How to Cure Ulcer Problem Naturally

ulcer

How to Cure Ulcers Naturally

At 2 A.M. the pain suddenly wakes you up. It feels as if a small animal is gnawing its way through your gut. Woozy with nausea, you sleepwalk to the kitchen for an antacid or something to eat. Gradually the pain subsides, and you can go back to bed.

You've just had a typical peptic ulcer attack.

What is a peptic ulcer? It's a penny-sized, crater-like sore on the inner wall of your stomach or duodenum (the first section of your intestines), and its cause is excess stomach acid, a malfunction of the protective mucous lining or both. Many ulcers heal by themselves, but a few lead to internal bleeding and death. It's estimated that one man in 10 and one woman in 20 will experience a peptic ulcer during their lifetimes.
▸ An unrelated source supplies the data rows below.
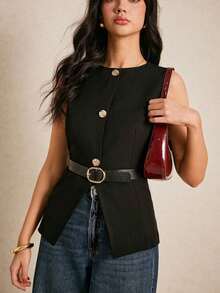 Chaleco de traje de mujer con cinturón, chaleco de traje con cintura, decoración de dobladillo asimétrico, botón metálico de solapa única, blazer informal sin mangas, traje negro, verano, mujer, negocios, mujer, overoles, blazer, trabajo, mujer, abotonado, mujer, festival, dinero viejo en otoño/invierno - Negro 2 - Ver 2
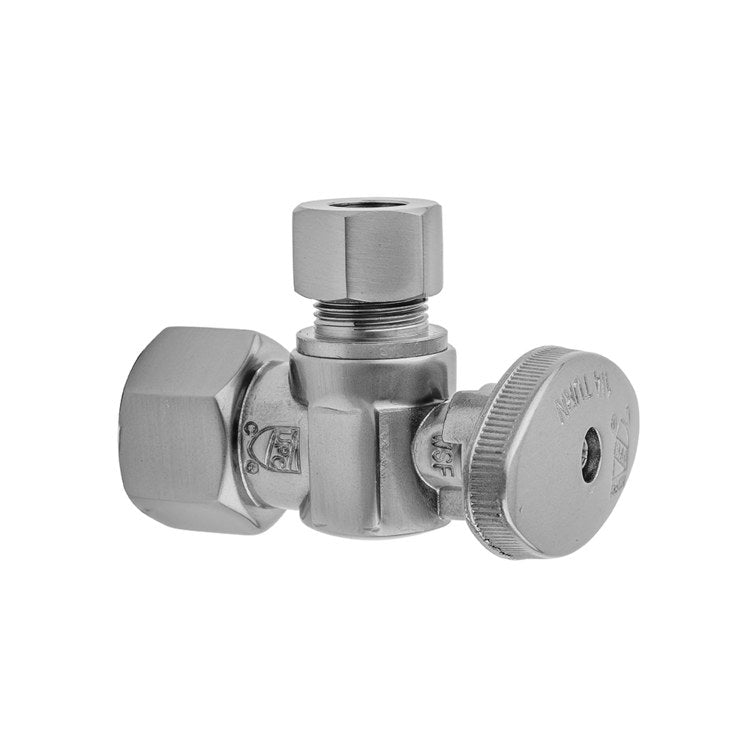 Supply Valve Quarter Turn Angle Pattern with Oval Handle Brass Vintage Bronze 3/8 Inch IPS x 3/8 Inch O.D. Supply Valve - Image 1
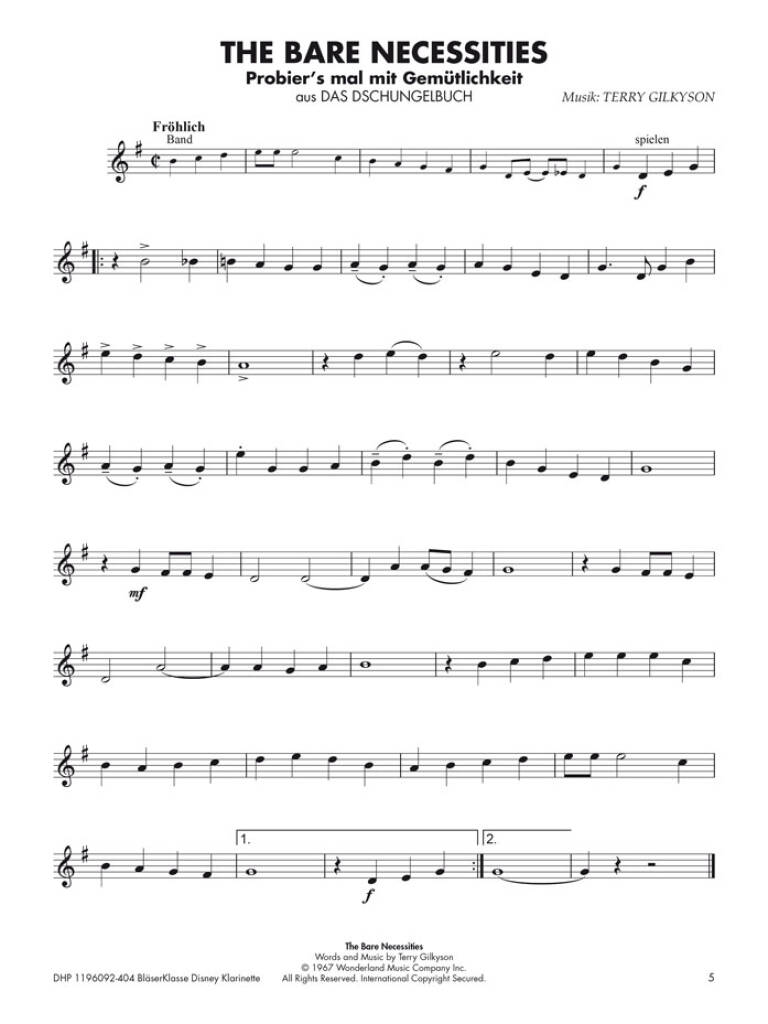 BläserKlasse Disney - Klarinette in B: Klarinette Solo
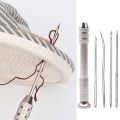 5Pcs/set Leather Sewing Kit Replaceable Needle with Awl Handle Set DIY Leathercraft Shoes Repair Tools Punch Stitching Needles. 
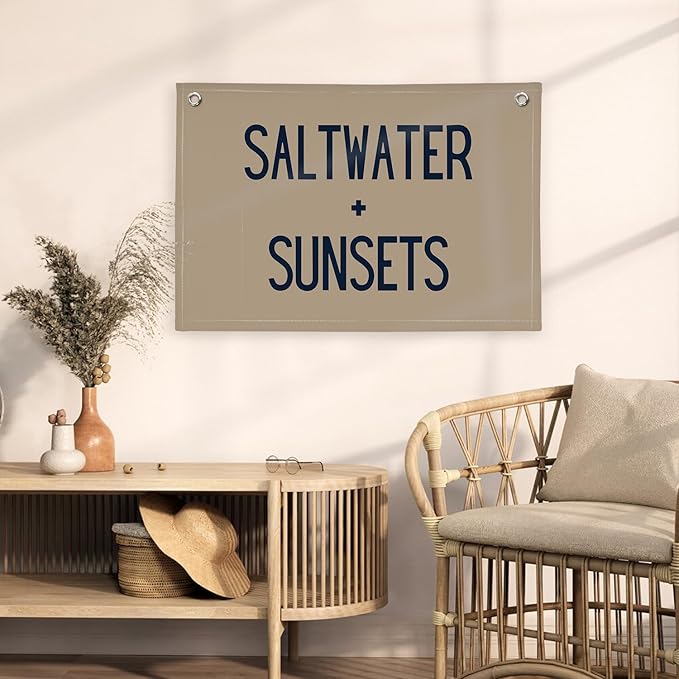 Beach Room Decor Banner, Boho Coastal Saltwater Sunsets Wall Art Linen Canvas Banner Flag for Aesthetic Room Decor, Playroom Nursery Surf Decor,Housewarming Gift, Beach Gifts boyroom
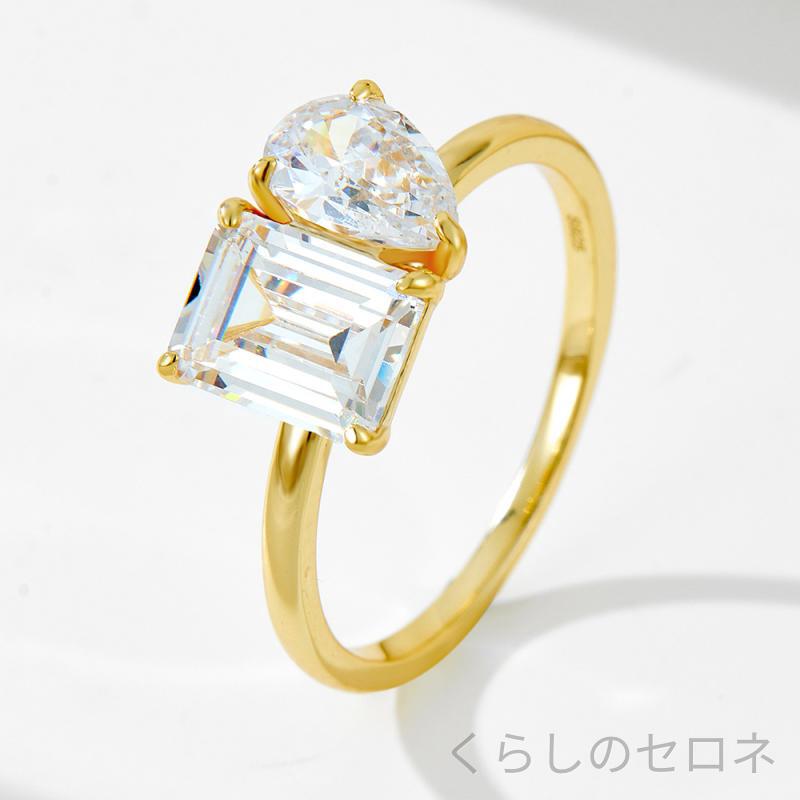 ・素材: 925シルバー・カラー: イエロー,ホワイト・サイズ: 5号,6号,7号,8号・重量: 2.7g・形状: ジオメトリック・加工: ダイヤモンドインレイ・デザイン要素: スクエア・スタイル: 欧美ファッション通勤・対象: 女性用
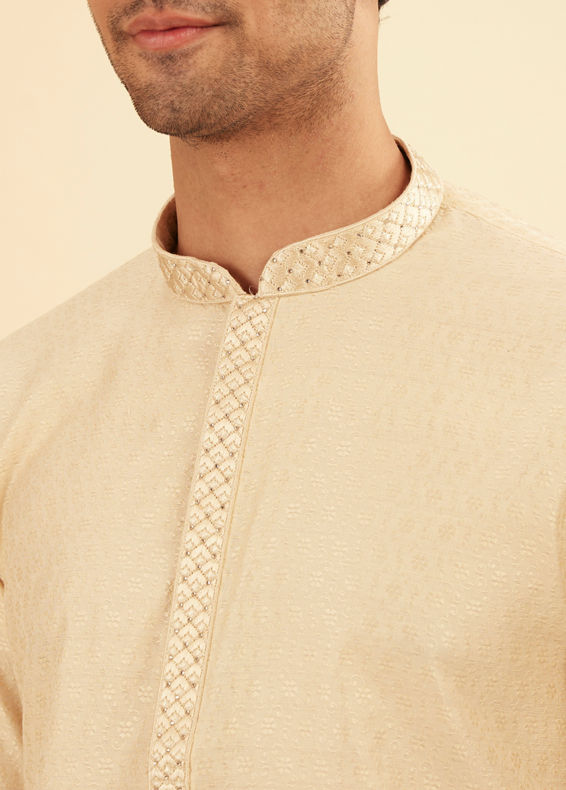 Manyavar Men Beige Delight Kurta Pajama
Misconceptions about ulcers have confused doctors and their patients for decades. Somehow, the idea has stuck that only harried executives get ulcers, or that ulcers are strictly a male disorder, or that bland foods and milk make up the best ulcer diet, or that ulcer patients should be fed six times a day. These are myths, however, and the following might debunk them, as well as offer new information on natural therapies for ulcers.

Myth 1: only executives and others with high-stress jobs get ulcers Traditionally, ulcers have been considered the 'purple hearts' of the business world, a red badge of courage that the executive earns for working hard. It's true that executives and professionals are among those who get ulcers, but there's little evidence that just because you have a high-stress job, you're going to get an ulcer. It's not the stress itself but how you react to it that counts.

For example, being a doctor might be considered a high-stress occupation, but a study of doctors in Massachusetts failed to show an unusually high rate of ulcers. Another study, by the US Federal Aviation Administration, showed that male air-traffic controllers — men who are symbols of stress — had an insignificantly higher ulcer rate: 2.4 new cases per year per 1000 workers, compared to 2.1 for the general population.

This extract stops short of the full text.